Would Cecil Rhodes have signed a Code of Conduct? Reflections on global land grabbing and land rights in Africa, past and present
By Robin Palmer
The new phenomenon of global land grabbing and its impact on land rights in Africa bears eerie similarities to some of the activities of imperial concession companies in late 19th / early 20th century colonial Zimbabwe, Zambia, Mozambique and Kenya.
New concession hunters are now on the march, seeking control over African land and water to augment food security back home, principally in the Persian Gulf and East Asia.
Like Cecil Rhodes and his contemporaries, they are finding willing local accomplices, eager to lease out vast tracts of land in return for derisory payments and illusory promises. As in colonial times, local people are almost never consulted.

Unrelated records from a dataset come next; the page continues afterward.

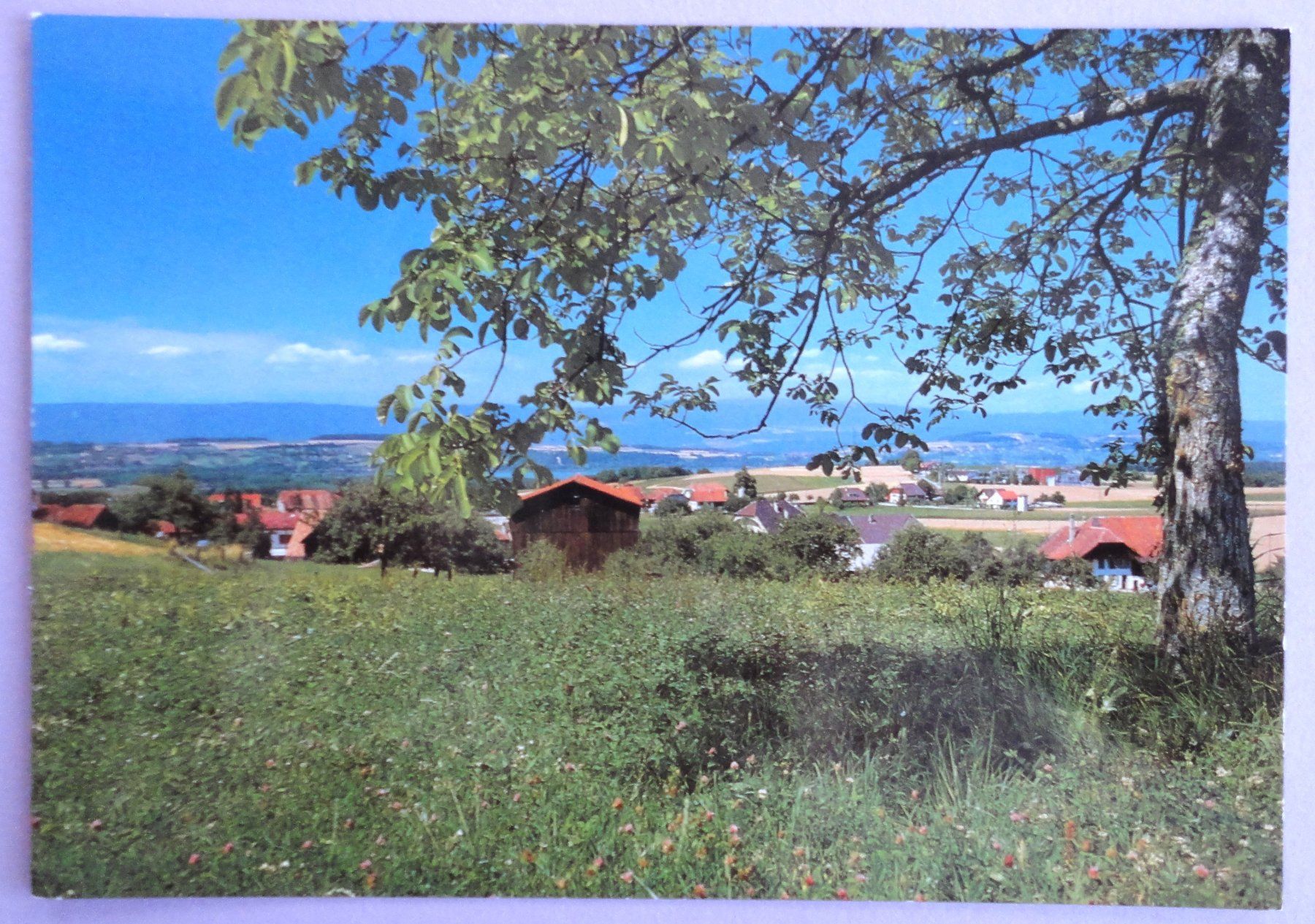 Ansichtskarten: Donatyre – Gebraucht aus Fétigny von Billy2miny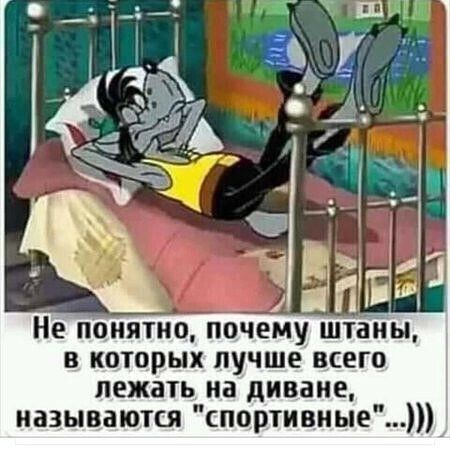 в которых лучше всего лежать на диване называются спортивныеі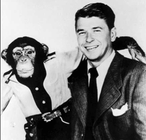 Reagan_Chimp.png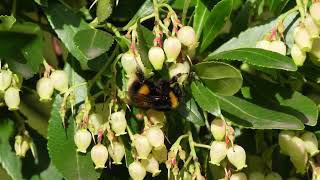 BuffTailed Bumblebee on arbutus flowers [upl. by Ayanej]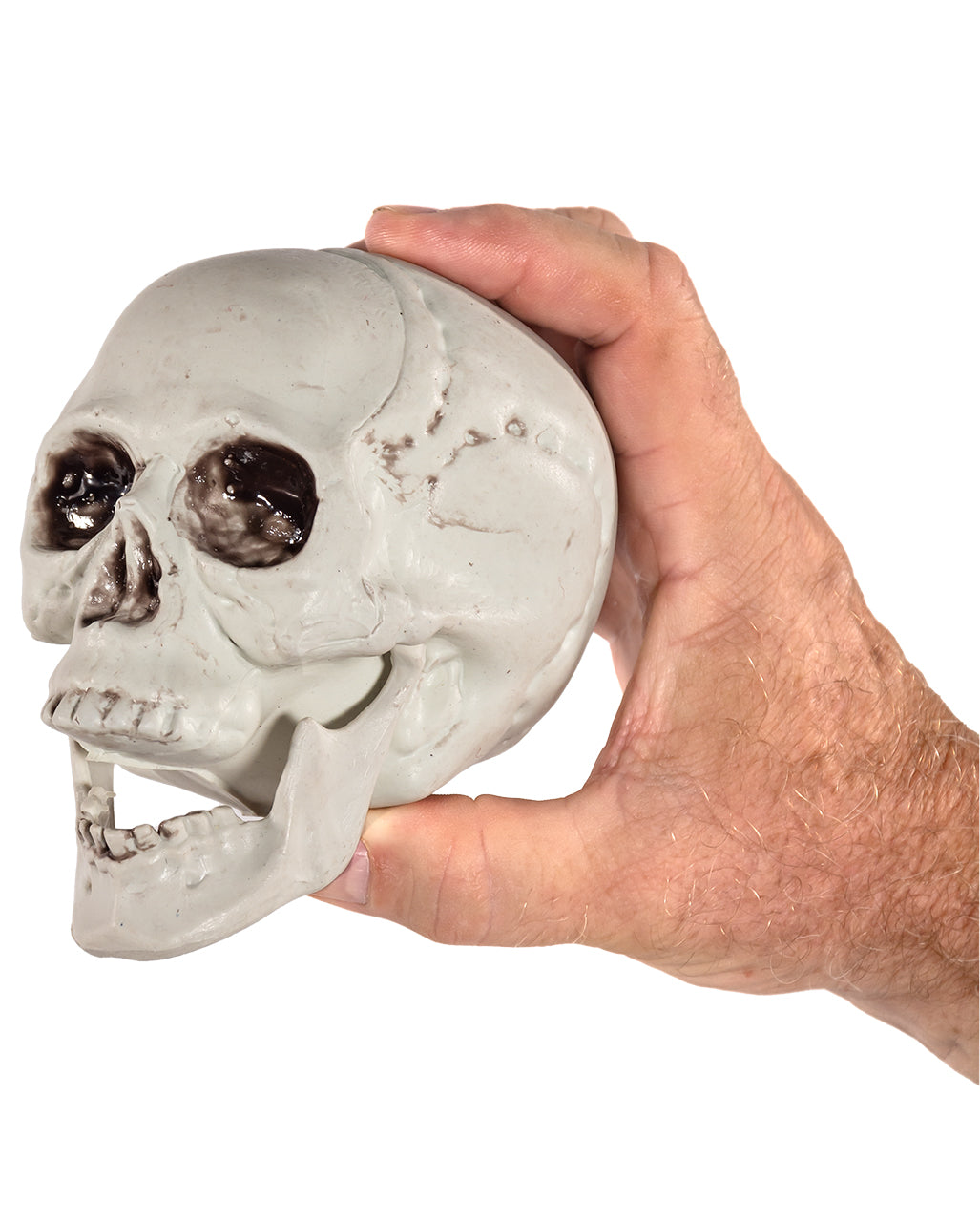 Totenkopf mit beweglichem Kiefer 12,5cm  6 St.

This has attracted a certain amount of research and media attention which I have documented in select bibliographies posted on Oxfam GB’s Land Rights in Africa website: http://www.oxfam.org.uk/resources/learning/landrights/index.html
My paper will review some of this literature and examine the insane geopolitics of biofuels, in which EU countries are permitted to carry on polluting the planet in return for African countries agreeing to convert land currently producing food into biofuel production in order to gain carbon credits.
It will also ask why so much of the literature appears utterly complacent in the light of global land grabbing, and why such an enormous effort is involved, by organizations such as the World Bank, FAO, IFAD, IFPRI etc, in the drawing up of international codes of conduct in an attempt to regulate it.
It will ponder why so many researchers seem so obsessed with the need to find painless ‘win-win’ solutions.
And it will also question why, given that the long term impact of global land grabbing on many African rural communities could well be catastrophic, there appears to exist an almost total conspiracy of silence on the subject.